Measuring the Structure



Measurement of structural properties of a software is important for estimating the development effort as well as for the maintenance of the product. The structure of requirements, design, and code helps understand the difficulty that arises in converting one product to another, in testing a product, or in predicting the external software attributes from early internal product measures.

Types of Structural Measures

The structure of software has three parts. They are −

  • Control-flow structure − It is the sequence in which instructions are executed in a program.

  • Data-flow structure − It is the behavior of the data as it interacts with the program.

  • Data structure − It is the organization of the data elements in the form of lists, queue, stacks, or other well-defined structures along with algorithm for creating, modifying, or deleting them.

Measuring Control-Flow Structure

The control flow measures are usually modeled with directed graph, where each node or point corresponds to program statements, and each arc or directed edge indicates the flow of control from one statement to another.

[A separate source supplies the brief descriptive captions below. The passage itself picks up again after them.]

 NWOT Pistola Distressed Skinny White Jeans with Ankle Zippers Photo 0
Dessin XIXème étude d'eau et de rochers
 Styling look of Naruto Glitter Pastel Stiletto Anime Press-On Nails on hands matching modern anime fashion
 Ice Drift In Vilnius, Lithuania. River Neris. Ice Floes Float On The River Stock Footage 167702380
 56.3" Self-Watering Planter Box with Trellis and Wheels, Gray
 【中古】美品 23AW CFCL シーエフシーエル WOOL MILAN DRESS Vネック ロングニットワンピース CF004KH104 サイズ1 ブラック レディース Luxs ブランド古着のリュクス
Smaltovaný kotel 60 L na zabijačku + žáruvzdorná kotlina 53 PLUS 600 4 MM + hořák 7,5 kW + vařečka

Theses graphs are called control-flow graph or directed graph.

If ‘m’ is a structural measure defined in terms of the flow graph model, and if program A is structurally more complex than program B, then the measure m(A) should be greater than m(B).

Measuring Data-Flow Structure

Data flow or information flow can be inter-modular (flow of information within the modules) or intra-modular (flow of information between individual modules and the rest of the system).

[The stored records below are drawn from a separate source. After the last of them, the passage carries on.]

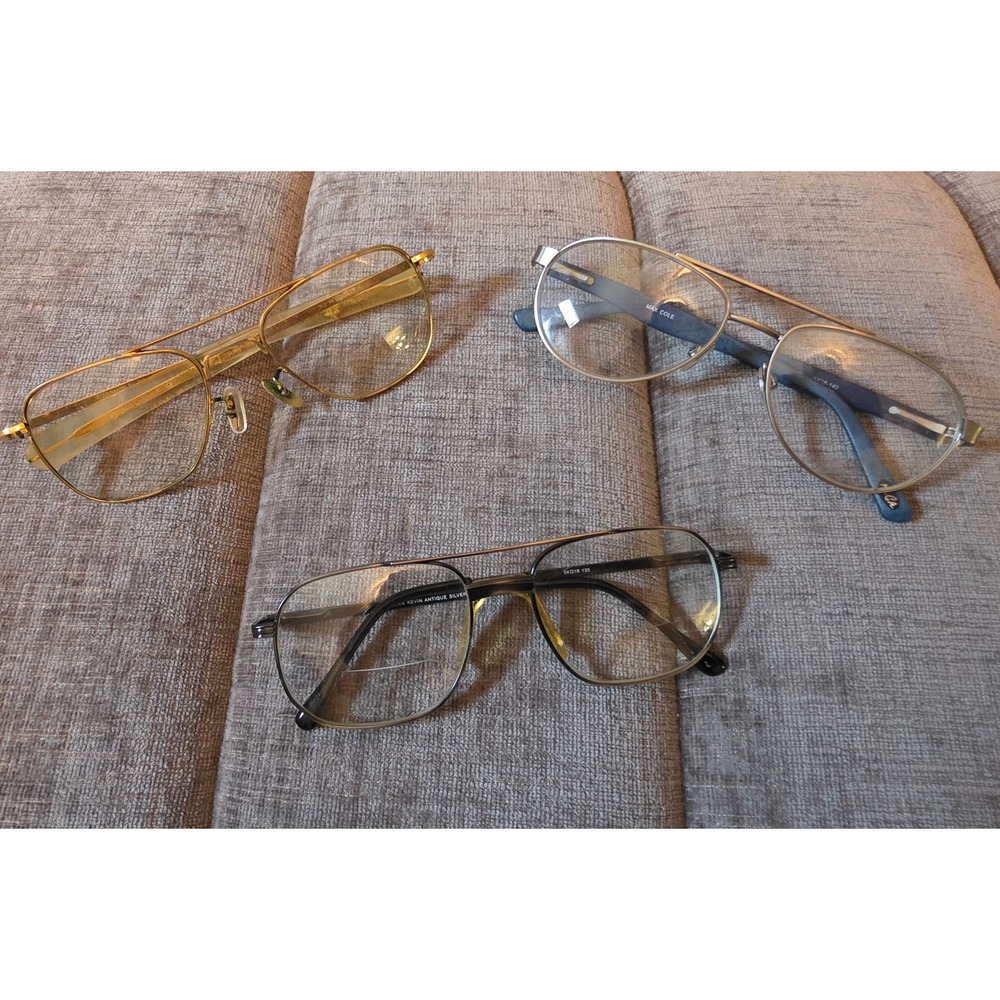 Vintage Aviator Eyeglass Frames Lot Max Cole Modern Kevin Silver Gold Tone 3pc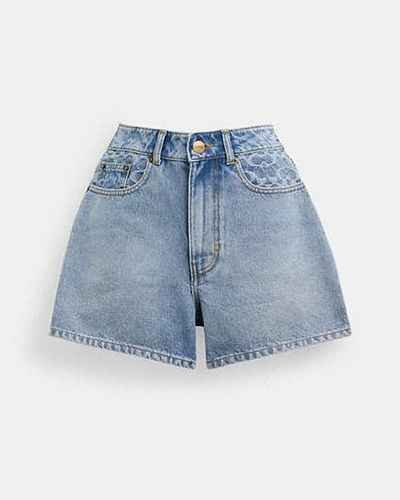 COACH Denim-Shorts aus Biobaumwolle - Blau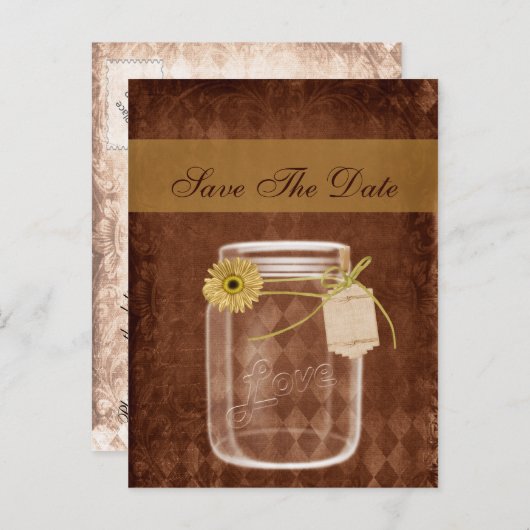Carte Postale Faire-part sunflower rustique mason jar mariage enregistrer l (Devant / Derrière)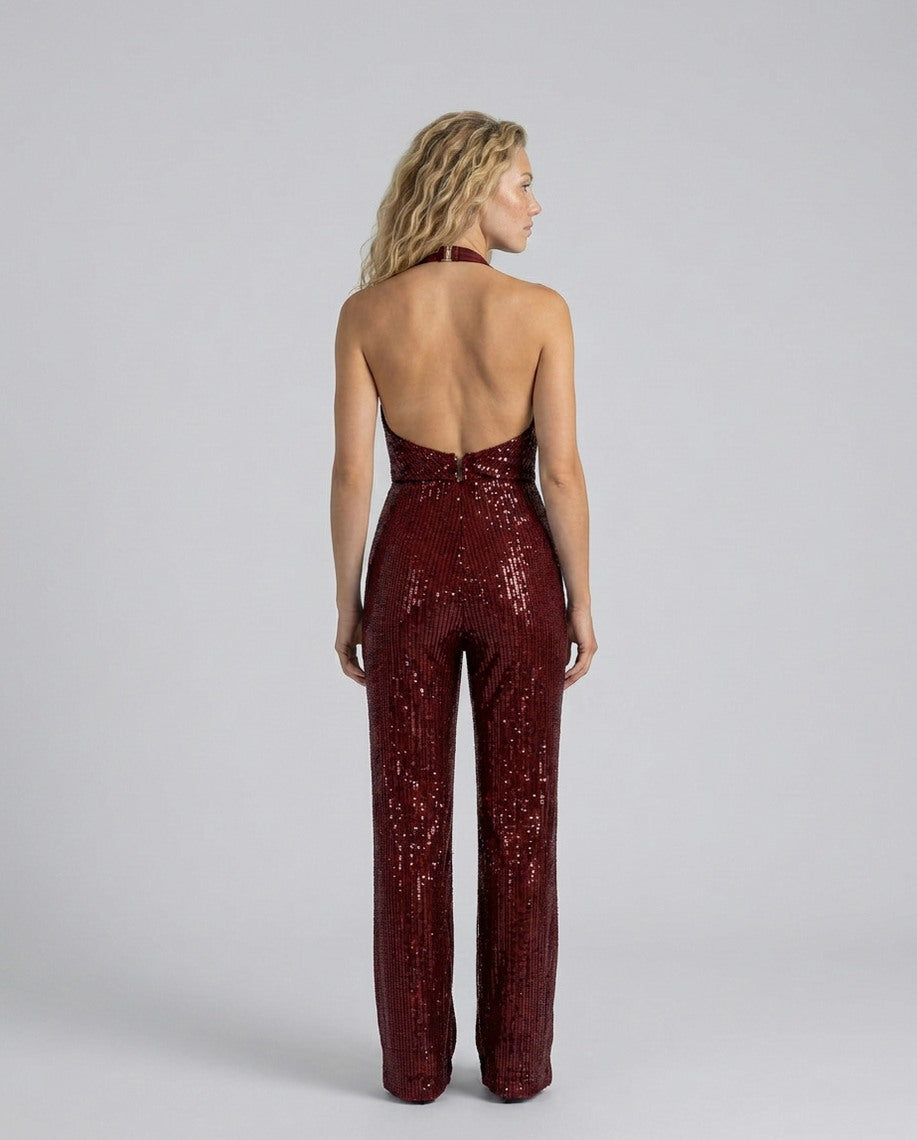 Sequin Cowl Neck Halter Jumpsuit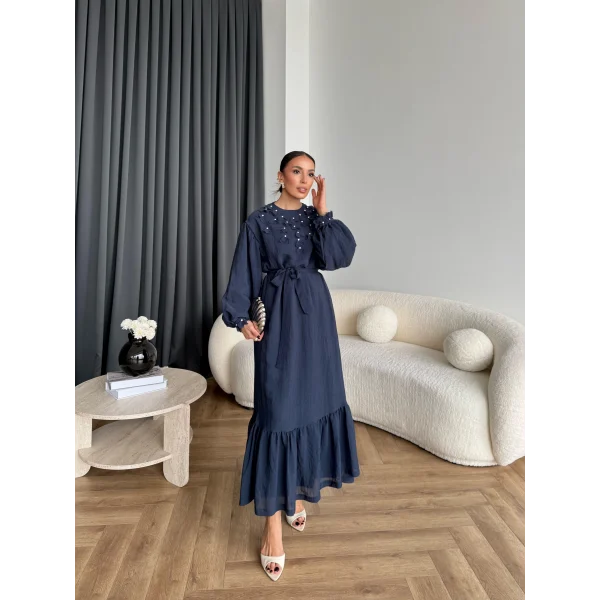 Fuş - Evelia Çiçekli Taşlı Elbise - Lacivert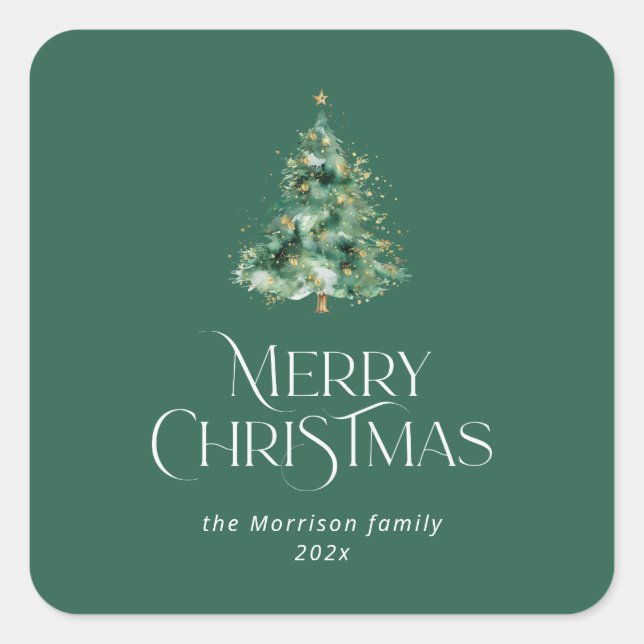 Green Christmas tree Square Sticker (Front)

According to the way in which data is moving through the system, it can be classified into the following −

  • Local direct flow − If either a module invokes a second module and passes information to it or the invoked module returns a result to the caller.

  • Local indirect flow − If the invoked module returns information that is subsequently passed to a second invoked module.

  • Global flow − If information flows from one module to another through a global data structure.

Information flow complexity can be expressed according to Henry and Kafura as,

Information flow complexity (M) = length (M) × fan-in (M) × (fan-out (M))2

Where,

  • Fan-in (M) − The number of local flows that terminate at M + the number of data structures from which the information is retrieved by M.

  • Fan–out (M) − The number of local flows that emanate from M + the number of data structures that are updated by M.

Measuring Data Structure

Data structure can be both local and global.

Locally, the amount of structure in each data item will be measured. A graph-theoretic approach can be used to analyze and measure the properties of individual data structures. In that simple data types such as integers, characters, and Booleans are viewed as primes and the various operations that enable us to build more complex data structures are considered. Data structure measures can then be defined hierarchically in terms of values for the primes and values associated with the various operations.

Globally, a count of the total number of user-defined variables will be measured.